I believe that agriculture has created a net loss for human rights and culture: slavery, imperialism, militarism, class divisions, chronic hunger and disease. "The real problem, then, is not to explain why some people were slow to adopt agriculture, but why anybody took it up at all, when it is so obviously beastly," writes biologist and author Colin Tudge. Agriculture has also been devastating to the other creatures with whom we share the Earth, and, ultimately, to the life support systems of the planet itself. What is at stake is everything. If we want a sustainable world, we have to be willing to examine the power relations behind the foundational myth of our culture. Anything less and we will fail.

Questioning at that level is difficult for most people. In this case, the emotional struggle inherent in resisting any hegemony is compounded by our dependence on civilization, and by our individual helplessness to stop it.
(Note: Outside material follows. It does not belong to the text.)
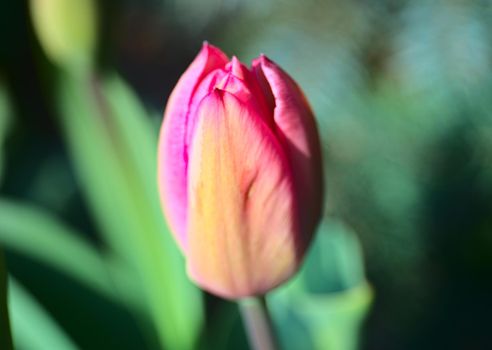 Colorful tulips in blossom - spring time is here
Most of us would have no chance of survival if the industrial infrastructure collapsed tomorrow. And our consciousness is equally impeded by our powerlessness.

I don't have a "10 Simple Things ..." list for you because, frankly, there aren't 10 simple things that will save the Earth. There is no personal solution. There is an interlocking web of hierarchical arrangements - vast systems of power that have to be confronted and dismantled. We can disagree about how best to do that, but do it we must if life on Earth is to have any chance of surviving.

Mutual Indebtedness

I have stopped fighting the basic algebra of embodiment: For something to live, something else has to die. In that acceptance, with all its suffering and sorrow, is the ability to choose a different way - a better way.

Consider the cow, a prey animal that has evolved to do one thing exquisitely: take cellulose - ubiquitous grass - and turn it into mass and motion. Like all members of a healthy biotic community, the cow produces food for someone else. Her manure feeds soil, plants and insects. The mechanical action of her hooves and her teeth helps the grasslands stay diverse. Her digestive processes free up nutrients - and not just for her, but for the whole community. Her body will become a meal for predators, scavengers and degraders of all sizes. Life is ultimately a cooperative process, unitary in its goal: more life.

The grazers need their grass, but the grass also needs the animals. It needs the manure, with its nitrogen, minerals and bacteria. It needs the mechanical check of grazing activity, and it needs the resources stored in animal bodies and freed up by degraders after animals die. The grass and the grazers need each other as much as predators need prey. These are not one-way relationships. They are not arrangements of dominance and subordination.

In his book Long Life, Honey in the Heart, Martin Prechtel writes of the Mayan people and their concept of kas-limaal, which translates roughly as "mutual indebtedness, mutual insparkedness." Pretchel writes that "the knowledge that every animal, plant, person, wind and season is indebted to the fruit of everything else is an adult knowledge."

This is a concept we need, especially those of us who are impassioned by injustice. The only way out of the vegetarian myth is through the pursuit of kas-limaal, of adult knowledge. If we choose to live in tune with nature, we won't be exploiting each other by eating. Instead, we will only be taking turns.